Durante las últimas décadas la industria manufacturera ha venido perdiendo participación en el PIB total, asunto este que algunos interpretan como un proceso progresivo de desindustrialización. Adicionalmente, el aparato productivo y exportador está concentrado en bienes industriales de baja y mediana sofisticación.

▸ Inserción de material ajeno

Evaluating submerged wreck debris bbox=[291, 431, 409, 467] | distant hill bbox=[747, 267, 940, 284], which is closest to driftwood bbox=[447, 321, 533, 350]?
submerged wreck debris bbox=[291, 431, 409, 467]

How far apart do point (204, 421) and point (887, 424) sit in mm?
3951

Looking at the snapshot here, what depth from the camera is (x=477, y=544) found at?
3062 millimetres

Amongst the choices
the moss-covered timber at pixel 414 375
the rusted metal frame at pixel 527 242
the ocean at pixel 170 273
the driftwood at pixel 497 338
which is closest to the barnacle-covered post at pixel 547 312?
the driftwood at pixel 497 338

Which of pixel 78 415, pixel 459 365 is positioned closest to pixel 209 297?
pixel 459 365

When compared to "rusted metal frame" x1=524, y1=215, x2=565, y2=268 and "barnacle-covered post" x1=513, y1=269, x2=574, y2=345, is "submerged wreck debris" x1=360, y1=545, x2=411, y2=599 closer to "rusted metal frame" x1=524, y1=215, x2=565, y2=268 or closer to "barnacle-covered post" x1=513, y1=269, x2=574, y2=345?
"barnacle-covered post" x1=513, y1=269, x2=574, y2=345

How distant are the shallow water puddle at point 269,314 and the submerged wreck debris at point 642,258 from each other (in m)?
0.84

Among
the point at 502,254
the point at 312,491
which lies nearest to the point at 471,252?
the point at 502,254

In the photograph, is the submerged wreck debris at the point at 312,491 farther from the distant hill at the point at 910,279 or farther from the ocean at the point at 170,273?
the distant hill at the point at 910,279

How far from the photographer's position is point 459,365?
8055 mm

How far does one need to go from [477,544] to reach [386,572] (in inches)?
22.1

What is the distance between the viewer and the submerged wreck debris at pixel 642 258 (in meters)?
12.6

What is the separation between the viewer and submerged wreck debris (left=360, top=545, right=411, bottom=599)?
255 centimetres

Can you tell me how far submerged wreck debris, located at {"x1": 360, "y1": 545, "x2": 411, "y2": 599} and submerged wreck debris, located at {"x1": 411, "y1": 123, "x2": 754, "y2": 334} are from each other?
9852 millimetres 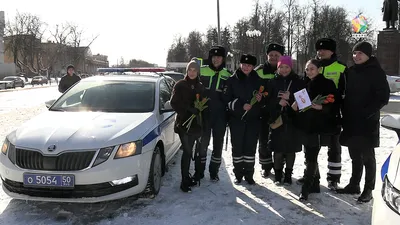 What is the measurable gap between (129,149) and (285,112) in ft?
6.36

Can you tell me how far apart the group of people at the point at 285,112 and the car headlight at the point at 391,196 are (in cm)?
169

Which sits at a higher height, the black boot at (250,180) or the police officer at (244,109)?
the police officer at (244,109)

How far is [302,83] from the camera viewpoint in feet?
14.2

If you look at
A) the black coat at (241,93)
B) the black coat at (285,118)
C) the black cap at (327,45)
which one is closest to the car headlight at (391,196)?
the black coat at (285,118)

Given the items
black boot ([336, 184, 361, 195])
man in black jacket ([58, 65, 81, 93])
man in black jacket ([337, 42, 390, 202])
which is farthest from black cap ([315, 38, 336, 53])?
man in black jacket ([58, 65, 81, 93])

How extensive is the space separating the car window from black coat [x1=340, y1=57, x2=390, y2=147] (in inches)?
94.2

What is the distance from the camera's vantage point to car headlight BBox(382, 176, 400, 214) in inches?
82.7

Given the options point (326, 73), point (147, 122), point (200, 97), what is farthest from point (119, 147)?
point (326, 73)

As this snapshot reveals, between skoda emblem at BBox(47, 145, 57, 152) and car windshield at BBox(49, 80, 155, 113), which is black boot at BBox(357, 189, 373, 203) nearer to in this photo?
car windshield at BBox(49, 80, 155, 113)

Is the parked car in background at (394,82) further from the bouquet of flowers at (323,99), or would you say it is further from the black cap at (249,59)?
the bouquet of flowers at (323,99)

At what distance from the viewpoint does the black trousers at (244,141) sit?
462cm

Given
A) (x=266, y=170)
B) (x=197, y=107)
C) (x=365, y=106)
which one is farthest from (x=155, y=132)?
(x=365, y=106)

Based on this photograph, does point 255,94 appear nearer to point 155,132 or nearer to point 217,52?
point 217,52

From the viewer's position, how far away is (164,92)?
533cm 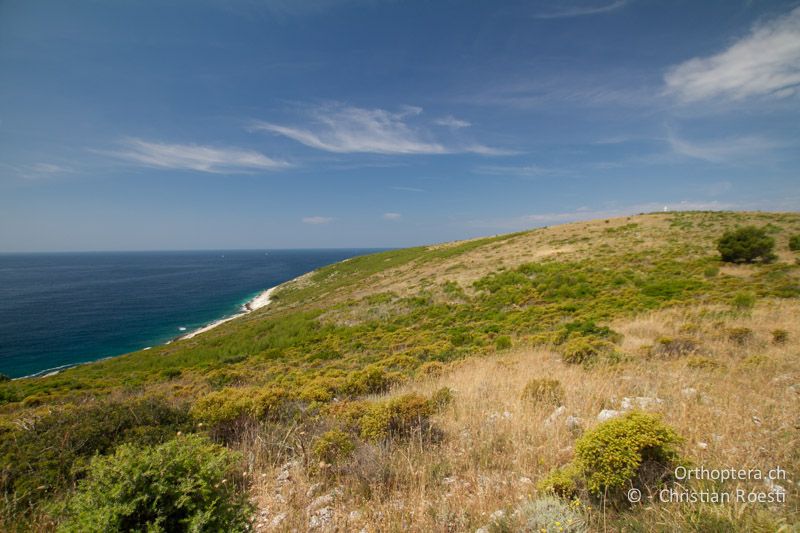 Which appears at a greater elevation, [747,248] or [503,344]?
[747,248]

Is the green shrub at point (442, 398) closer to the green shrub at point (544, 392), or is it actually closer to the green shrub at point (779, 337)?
the green shrub at point (544, 392)

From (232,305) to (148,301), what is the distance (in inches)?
838

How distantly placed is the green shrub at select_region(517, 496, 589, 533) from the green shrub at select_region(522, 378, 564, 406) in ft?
8.08

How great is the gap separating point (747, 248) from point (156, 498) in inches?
1049

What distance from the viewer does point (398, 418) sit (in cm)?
454

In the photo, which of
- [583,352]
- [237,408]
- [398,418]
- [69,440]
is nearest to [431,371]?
[583,352]

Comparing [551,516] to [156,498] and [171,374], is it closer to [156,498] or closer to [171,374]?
[156,498]

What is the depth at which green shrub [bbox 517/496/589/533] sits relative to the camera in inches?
91.8

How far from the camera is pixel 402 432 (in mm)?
4473

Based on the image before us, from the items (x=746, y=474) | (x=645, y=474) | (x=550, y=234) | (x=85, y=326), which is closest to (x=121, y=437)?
(x=645, y=474)

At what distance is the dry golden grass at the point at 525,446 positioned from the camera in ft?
9.19

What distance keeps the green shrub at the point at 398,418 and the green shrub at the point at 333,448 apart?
37cm

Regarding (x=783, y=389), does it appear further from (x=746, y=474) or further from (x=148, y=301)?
(x=148, y=301)

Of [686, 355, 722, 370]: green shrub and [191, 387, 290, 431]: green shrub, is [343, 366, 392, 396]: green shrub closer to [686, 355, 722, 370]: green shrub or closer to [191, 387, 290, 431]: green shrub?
[191, 387, 290, 431]: green shrub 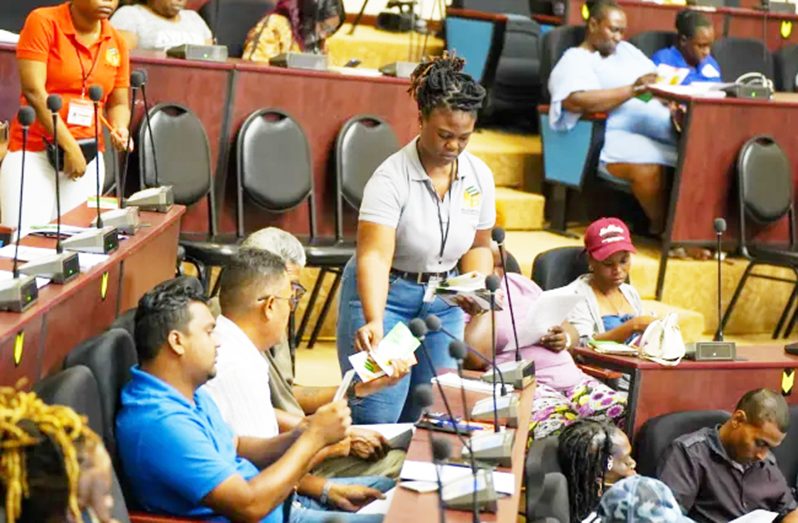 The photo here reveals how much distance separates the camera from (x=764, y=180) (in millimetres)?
7305

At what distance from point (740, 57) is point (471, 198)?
4435mm

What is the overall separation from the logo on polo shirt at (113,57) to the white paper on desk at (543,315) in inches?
60.3

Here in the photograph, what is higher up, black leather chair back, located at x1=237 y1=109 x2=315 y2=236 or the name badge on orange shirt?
the name badge on orange shirt

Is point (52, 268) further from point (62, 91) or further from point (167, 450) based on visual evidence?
point (62, 91)

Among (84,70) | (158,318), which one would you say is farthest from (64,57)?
(158,318)

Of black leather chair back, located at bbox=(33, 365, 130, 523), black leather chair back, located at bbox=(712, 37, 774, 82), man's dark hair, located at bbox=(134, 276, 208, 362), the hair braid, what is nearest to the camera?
the hair braid

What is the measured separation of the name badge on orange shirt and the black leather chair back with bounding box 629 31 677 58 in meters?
3.85

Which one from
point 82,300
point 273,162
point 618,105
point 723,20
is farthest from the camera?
point 723,20

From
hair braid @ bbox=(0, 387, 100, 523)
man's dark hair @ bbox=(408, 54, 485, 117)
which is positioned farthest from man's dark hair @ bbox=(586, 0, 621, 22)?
hair braid @ bbox=(0, 387, 100, 523)

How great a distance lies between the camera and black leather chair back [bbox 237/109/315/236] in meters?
6.35

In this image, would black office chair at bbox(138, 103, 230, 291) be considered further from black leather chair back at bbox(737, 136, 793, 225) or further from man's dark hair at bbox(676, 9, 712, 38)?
man's dark hair at bbox(676, 9, 712, 38)

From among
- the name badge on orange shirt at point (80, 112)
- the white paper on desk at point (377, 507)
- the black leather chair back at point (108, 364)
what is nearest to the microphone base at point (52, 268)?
the black leather chair back at point (108, 364)

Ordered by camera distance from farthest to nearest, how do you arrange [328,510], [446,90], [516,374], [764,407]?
[764,407], [516,374], [446,90], [328,510]

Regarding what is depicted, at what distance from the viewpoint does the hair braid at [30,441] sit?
238 cm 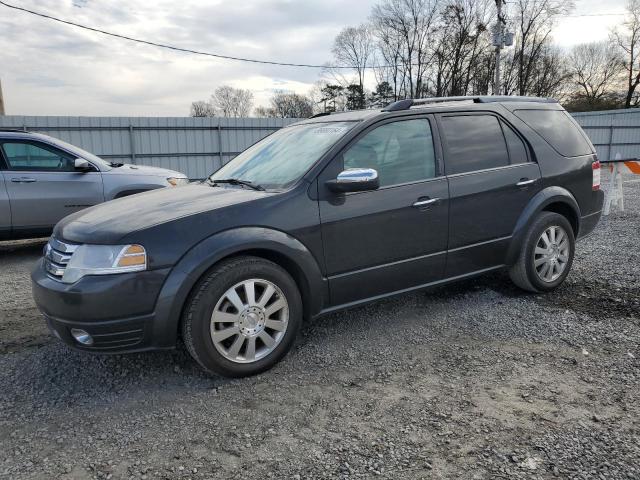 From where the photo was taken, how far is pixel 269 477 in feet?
7.03

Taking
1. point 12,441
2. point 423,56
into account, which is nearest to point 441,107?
point 12,441

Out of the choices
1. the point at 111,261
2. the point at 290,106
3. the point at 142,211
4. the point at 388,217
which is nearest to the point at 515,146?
the point at 388,217

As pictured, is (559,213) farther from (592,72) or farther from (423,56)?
(592,72)

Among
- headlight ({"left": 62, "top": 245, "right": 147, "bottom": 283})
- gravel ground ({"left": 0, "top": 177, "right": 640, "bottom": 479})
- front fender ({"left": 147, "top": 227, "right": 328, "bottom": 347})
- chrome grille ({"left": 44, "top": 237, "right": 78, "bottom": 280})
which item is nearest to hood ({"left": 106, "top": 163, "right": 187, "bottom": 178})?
gravel ground ({"left": 0, "top": 177, "right": 640, "bottom": 479})

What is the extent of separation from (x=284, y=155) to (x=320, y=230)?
2.74ft

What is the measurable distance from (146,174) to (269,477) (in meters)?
5.93

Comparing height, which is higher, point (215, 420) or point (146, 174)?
point (146, 174)

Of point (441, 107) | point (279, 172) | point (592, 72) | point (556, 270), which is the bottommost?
point (556, 270)

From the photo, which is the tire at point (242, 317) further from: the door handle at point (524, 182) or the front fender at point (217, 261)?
the door handle at point (524, 182)

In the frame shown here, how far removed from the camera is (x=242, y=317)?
2947mm

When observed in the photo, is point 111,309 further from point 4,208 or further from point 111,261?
point 4,208

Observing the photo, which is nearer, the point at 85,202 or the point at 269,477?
the point at 269,477

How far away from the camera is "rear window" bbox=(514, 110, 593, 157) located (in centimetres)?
438

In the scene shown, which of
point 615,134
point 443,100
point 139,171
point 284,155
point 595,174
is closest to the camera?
point 284,155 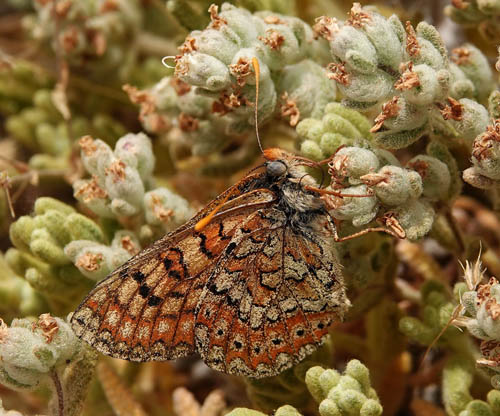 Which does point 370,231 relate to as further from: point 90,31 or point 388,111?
point 90,31

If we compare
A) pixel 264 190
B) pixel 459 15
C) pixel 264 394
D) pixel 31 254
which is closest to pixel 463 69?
pixel 459 15

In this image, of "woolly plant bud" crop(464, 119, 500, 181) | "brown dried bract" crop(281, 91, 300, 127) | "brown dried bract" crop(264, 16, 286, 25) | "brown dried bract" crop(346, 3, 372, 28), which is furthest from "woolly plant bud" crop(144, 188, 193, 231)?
"woolly plant bud" crop(464, 119, 500, 181)

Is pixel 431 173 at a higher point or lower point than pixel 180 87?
lower

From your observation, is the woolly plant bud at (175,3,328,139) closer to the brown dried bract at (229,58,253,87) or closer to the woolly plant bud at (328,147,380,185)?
the brown dried bract at (229,58,253,87)

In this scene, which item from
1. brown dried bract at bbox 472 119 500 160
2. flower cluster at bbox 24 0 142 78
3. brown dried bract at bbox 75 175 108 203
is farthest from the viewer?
flower cluster at bbox 24 0 142 78

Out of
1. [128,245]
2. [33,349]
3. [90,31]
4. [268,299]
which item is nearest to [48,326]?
[33,349]

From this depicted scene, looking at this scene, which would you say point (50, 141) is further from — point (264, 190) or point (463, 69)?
point (463, 69)

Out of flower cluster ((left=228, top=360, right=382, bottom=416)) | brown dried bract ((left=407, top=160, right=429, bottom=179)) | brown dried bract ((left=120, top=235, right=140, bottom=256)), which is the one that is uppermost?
brown dried bract ((left=407, top=160, right=429, bottom=179))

Las manufacturas de media tecnología participan con el 4,15 por ciento de las exportaciones totales y las de alta tecnología con 1,5 por ciento.
Lograr un crecimiento económico en el que el sector industrial cumpla un papel destacado requiere que las políticas públicas impulsen el cambio hacia una industria manufacturera altamente productiva y competitiva, capaz de incursionar en los mercados externos con productos que se caractericen por un creciente grado de sofisticación tecnológica. Para ello es indispensable, como lo sugiere el INC, que Colombia adelante un proceso de cambio estructural en su aparato productivo. En otras palabras, es necesario impulsar procesos de transformación productiva dinámica en el sector industrial.
Esto demanda la puesta en marcha de una activa política industrial y productiva que tenga como propósito el crecimiento vigoroso y sostenible de la industria manufacturera, el cual, necesariamente, deberá soportarse en la incorporación creciente de conocimiento a través de la innovación y en la exposición a la competencia abierta tanto en el mercado interno como en el mundial.
Para ello, la política industrial deberá crear las condiciones para que la inversión privada fluya hacia las distintas ramas industriales, florezca el emprendimiento en las actividades manufactureras con alto contenido tecnológico y se fortalezcan las relaciones de las empresas con las universidades, de tal forma que la generación de conocimiento sirva a los propósitos del desarrollo productivo. La creación y la acumulación de capacidades tecnológicas regionales y sectoriales constituyen el fin último de la política industrial.
Esto requiere del Estado la utilización de un variado y dinámico arsenal de instrumentos de política, en donde, siguiendo países exitosos, debe haber espacio para una aplicación más selectiva de los mismos. Esto deberá complementarse con la generación de una base institucional fundada en la creación de alianzas público-privadas.